Zu sehen war das auch gegen Georgien, als Ruiz mit einem langen Ball Williams fand. Seinem Gegenspieler lief Williams einfach davon, dann schlenzte er mit viel Gefühl ins Tor.
Spanien gewinnt jetzt auch mit weniger Ballbesitz
Überhaupt macht Spanien bei dieser EM manchmal Dinge, die man bei Länderspielen von Spanien lange nicht gesehen hat. Schon die Statistiken im ersten Spiel gegen Kroatien, als Spanien mit 47 Prozent Ballbesitz auskam, aber 3:0 gewann. Oder drei der Tore gegen Georgien: Rodri traf mit einem schnöden Fernschuss. Ruiz mit einem Kopfball. Williams nach einer Umschaltaktion.
Der Trainer de la Fuente ist kein Idealist, auch das ist eine Erkenntnis dieser EM. Tiki-Taka darf bei ihm auch Wumms haben. Als er später eine Szene hervorhob, war das dann auch kein Dribbling und kein Trick. Er erinnerte auch nicht an ein Tor.

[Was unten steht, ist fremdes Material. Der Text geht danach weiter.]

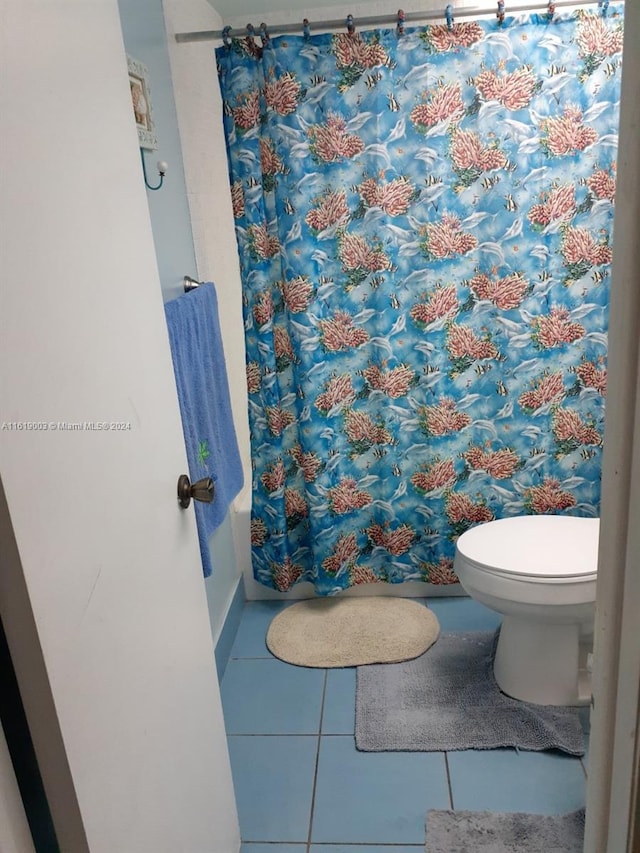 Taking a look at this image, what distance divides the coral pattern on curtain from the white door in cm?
105

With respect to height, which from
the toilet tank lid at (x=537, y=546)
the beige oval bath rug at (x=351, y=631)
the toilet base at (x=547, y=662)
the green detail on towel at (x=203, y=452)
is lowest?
the beige oval bath rug at (x=351, y=631)

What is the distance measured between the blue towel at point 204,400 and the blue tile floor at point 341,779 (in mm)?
537

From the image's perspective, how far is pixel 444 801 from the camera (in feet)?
5.32

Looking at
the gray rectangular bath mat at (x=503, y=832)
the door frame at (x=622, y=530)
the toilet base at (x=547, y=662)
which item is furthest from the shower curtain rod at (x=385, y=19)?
the gray rectangular bath mat at (x=503, y=832)

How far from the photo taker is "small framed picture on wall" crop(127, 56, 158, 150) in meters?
1.59

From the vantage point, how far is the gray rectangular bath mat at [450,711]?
1.79 metres

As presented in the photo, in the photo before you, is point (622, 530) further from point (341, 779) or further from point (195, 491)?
point (341, 779)

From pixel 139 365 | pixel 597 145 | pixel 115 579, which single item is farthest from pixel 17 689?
pixel 597 145

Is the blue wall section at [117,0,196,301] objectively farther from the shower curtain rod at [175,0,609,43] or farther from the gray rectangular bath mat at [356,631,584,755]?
the gray rectangular bath mat at [356,631,584,755]

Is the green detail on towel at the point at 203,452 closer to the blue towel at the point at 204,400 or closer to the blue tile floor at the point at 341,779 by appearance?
the blue towel at the point at 204,400

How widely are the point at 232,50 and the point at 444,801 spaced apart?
2.17 m

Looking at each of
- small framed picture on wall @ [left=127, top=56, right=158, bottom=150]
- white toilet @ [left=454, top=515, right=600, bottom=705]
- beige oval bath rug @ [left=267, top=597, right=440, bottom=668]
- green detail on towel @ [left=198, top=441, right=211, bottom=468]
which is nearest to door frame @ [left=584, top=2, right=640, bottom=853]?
white toilet @ [left=454, top=515, right=600, bottom=705]

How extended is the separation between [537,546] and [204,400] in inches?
41.0

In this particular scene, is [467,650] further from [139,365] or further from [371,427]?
[139,365] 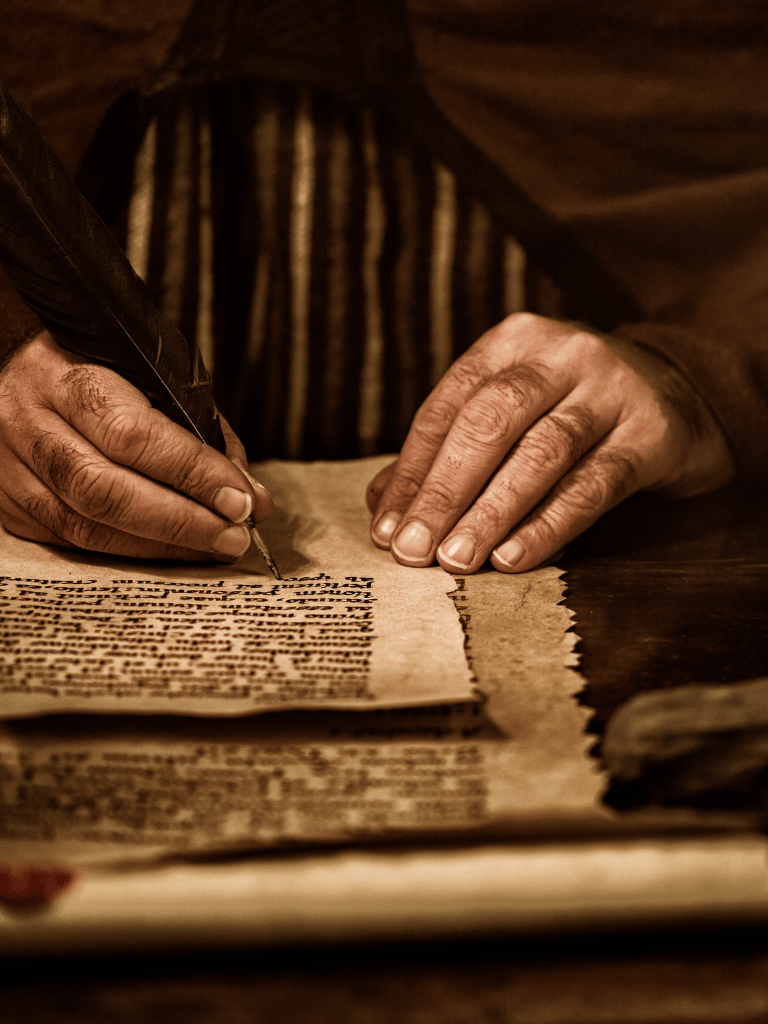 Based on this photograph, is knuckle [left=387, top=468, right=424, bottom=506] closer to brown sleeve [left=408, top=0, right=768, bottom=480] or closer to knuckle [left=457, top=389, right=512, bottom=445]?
knuckle [left=457, top=389, right=512, bottom=445]

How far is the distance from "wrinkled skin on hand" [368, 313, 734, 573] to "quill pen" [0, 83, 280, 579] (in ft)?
0.61

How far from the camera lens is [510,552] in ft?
2.77

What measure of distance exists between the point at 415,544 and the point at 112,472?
0.30 meters

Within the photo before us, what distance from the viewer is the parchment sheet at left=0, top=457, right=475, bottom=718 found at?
0.58 metres

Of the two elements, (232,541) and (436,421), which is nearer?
(232,541)

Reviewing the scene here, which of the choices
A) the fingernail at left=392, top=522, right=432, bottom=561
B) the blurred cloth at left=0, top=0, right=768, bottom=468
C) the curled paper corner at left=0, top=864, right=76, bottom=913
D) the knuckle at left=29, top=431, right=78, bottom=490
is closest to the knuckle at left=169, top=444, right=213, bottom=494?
the knuckle at left=29, top=431, right=78, bottom=490

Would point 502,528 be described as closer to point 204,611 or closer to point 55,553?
point 204,611

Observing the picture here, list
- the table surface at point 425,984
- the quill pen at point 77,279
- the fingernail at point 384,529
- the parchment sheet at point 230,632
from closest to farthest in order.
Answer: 1. the table surface at point 425,984
2. the parchment sheet at point 230,632
3. the quill pen at point 77,279
4. the fingernail at point 384,529

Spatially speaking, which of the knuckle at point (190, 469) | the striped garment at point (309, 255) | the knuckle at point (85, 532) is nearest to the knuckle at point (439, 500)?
the knuckle at point (190, 469)

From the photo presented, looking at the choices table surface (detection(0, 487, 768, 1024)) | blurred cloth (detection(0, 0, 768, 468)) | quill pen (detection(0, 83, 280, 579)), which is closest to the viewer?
table surface (detection(0, 487, 768, 1024))

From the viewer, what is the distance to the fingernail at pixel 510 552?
842 millimetres

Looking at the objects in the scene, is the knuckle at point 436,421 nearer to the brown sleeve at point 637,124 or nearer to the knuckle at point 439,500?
the knuckle at point 439,500

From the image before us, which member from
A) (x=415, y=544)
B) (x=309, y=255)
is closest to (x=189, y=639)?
(x=415, y=544)

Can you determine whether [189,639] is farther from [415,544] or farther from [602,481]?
[602,481]
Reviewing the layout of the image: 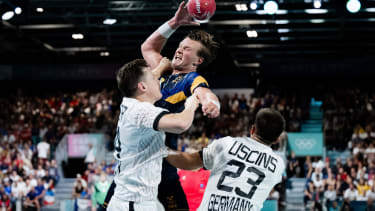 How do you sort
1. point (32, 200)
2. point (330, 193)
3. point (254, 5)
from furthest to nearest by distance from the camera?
1. point (32, 200)
2. point (254, 5)
3. point (330, 193)

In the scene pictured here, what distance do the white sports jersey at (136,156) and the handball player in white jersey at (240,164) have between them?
330 millimetres

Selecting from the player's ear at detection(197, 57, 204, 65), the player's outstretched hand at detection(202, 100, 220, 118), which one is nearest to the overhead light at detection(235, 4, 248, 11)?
the player's ear at detection(197, 57, 204, 65)

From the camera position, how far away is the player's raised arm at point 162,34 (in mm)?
5828

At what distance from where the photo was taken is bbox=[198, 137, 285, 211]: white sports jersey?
4.71 meters

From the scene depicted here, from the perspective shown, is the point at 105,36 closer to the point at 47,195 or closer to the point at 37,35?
the point at 37,35

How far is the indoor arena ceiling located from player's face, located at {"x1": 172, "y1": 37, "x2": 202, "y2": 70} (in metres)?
12.7

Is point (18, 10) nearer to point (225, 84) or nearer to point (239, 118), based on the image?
point (239, 118)

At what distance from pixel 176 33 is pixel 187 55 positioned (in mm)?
19590

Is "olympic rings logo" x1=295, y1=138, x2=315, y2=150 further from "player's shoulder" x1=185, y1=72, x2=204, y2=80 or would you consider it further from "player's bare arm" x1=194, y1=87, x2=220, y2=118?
"player's bare arm" x1=194, y1=87, x2=220, y2=118

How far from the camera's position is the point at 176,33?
24938 mm

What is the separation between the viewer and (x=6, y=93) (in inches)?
1209

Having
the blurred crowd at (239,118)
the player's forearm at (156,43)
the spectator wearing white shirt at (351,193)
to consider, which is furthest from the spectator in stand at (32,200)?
the player's forearm at (156,43)

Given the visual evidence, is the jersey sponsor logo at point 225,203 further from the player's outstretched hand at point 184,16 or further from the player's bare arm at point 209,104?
the player's outstretched hand at point 184,16

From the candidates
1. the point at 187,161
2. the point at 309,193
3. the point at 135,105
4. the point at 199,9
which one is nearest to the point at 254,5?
the point at 309,193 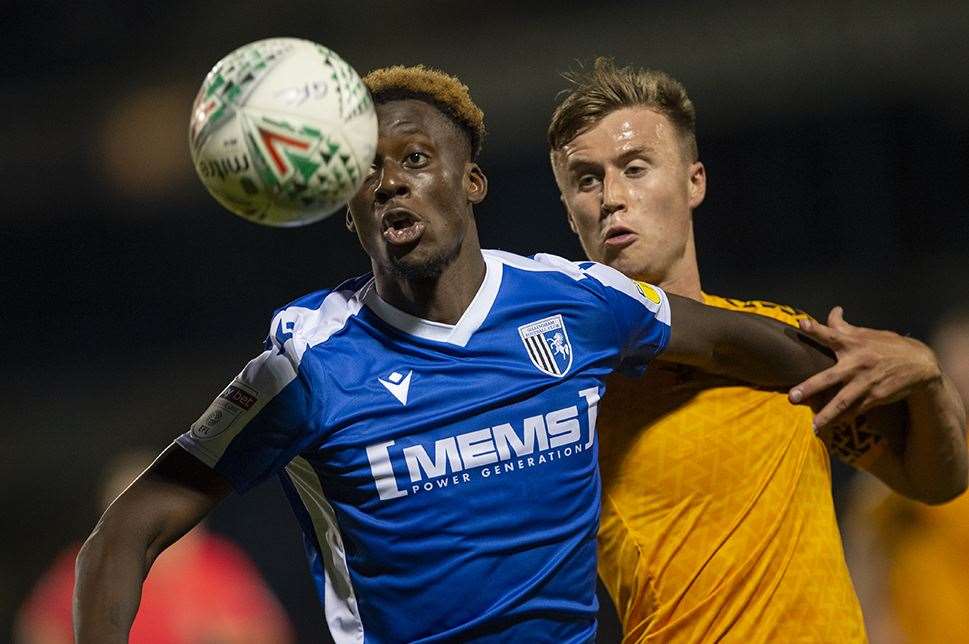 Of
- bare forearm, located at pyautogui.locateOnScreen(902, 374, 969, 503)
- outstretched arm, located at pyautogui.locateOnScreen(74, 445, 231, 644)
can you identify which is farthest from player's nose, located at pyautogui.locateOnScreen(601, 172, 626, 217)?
outstretched arm, located at pyautogui.locateOnScreen(74, 445, 231, 644)

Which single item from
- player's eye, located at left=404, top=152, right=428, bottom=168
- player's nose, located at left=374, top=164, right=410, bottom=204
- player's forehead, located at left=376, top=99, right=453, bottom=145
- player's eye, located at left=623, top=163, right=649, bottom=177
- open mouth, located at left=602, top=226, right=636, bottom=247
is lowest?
open mouth, located at left=602, top=226, right=636, bottom=247

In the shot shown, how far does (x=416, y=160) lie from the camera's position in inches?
126

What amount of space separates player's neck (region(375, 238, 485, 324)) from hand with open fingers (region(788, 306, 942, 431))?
0.98 metres

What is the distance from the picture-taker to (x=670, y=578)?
11.8ft

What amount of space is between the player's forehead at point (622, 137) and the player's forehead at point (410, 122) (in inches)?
32.8

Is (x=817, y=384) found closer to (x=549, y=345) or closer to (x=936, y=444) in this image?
(x=936, y=444)

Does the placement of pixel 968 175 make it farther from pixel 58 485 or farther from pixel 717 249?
pixel 58 485

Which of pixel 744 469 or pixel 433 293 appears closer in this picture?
pixel 433 293

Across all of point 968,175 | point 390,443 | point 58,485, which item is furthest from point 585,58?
point 390,443

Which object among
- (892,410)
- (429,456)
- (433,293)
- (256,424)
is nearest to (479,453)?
(429,456)

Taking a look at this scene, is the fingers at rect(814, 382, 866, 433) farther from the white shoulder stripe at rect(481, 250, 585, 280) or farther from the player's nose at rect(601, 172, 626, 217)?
the player's nose at rect(601, 172, 626, 217)

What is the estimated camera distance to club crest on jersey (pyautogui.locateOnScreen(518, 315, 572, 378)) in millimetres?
3248

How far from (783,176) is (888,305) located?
1.07m

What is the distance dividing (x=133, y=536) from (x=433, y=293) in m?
0.96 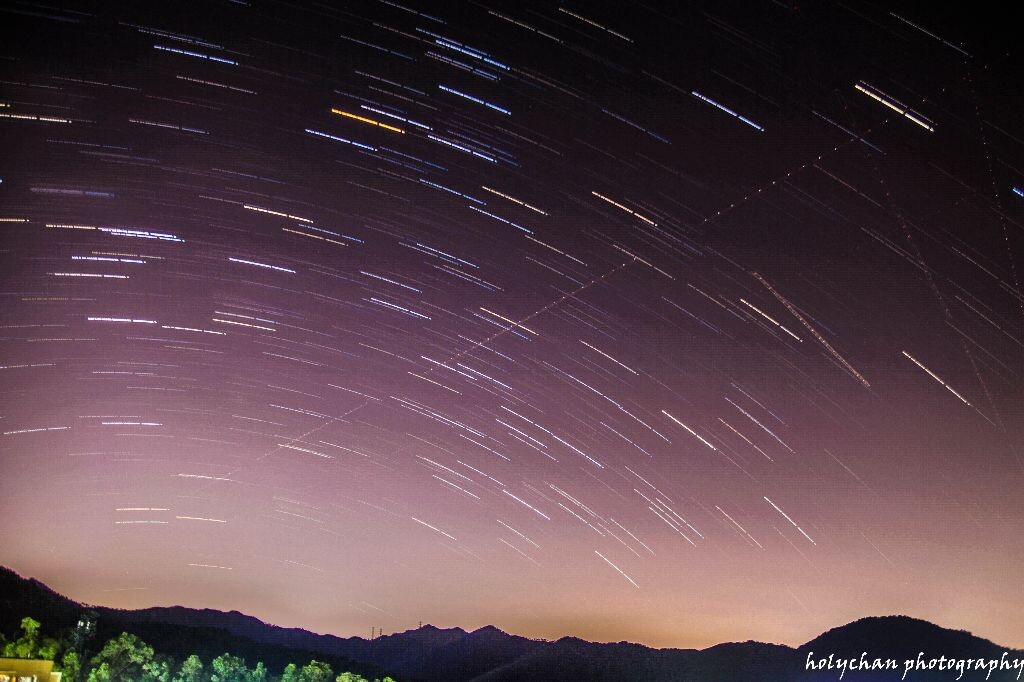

Es ging ihm um Widerstände, die seine Mannschaft überwunden hatte. Er meinte die Minuten, nachdem der Verteidiger Robin Le Normand versehentlich ins eigene Tor getroffen und so Georgien in Führung gebracht hatte. "Manchmal", sagte de la Fuente, "muss man gegen die Strömung schwimmen - und diese Mannschaft hat gezeigt, dass sie das kann."